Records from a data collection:
:::

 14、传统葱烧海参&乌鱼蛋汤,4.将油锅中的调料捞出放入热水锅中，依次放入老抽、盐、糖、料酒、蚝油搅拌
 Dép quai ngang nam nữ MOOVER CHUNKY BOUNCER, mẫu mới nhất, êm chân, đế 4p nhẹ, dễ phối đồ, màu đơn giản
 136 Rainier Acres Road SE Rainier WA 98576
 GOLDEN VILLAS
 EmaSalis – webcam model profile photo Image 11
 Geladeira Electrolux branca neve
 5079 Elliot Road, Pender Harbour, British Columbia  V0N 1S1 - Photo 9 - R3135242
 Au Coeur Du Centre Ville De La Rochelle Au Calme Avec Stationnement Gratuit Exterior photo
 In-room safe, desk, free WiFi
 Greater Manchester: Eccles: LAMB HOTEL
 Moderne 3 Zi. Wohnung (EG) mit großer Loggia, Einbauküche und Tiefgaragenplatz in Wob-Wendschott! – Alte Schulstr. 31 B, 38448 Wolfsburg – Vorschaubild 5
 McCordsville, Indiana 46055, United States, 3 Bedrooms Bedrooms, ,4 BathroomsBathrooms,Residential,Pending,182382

:::

Collect each line above holding the string "Road".

■ Problem solution:
 136 Rainier Acres Road SE Rainier WA 98576
 5079 Elliot Road, Pender Harbour, British Columbia  V0N 1S1 - Photo 9 - R3135242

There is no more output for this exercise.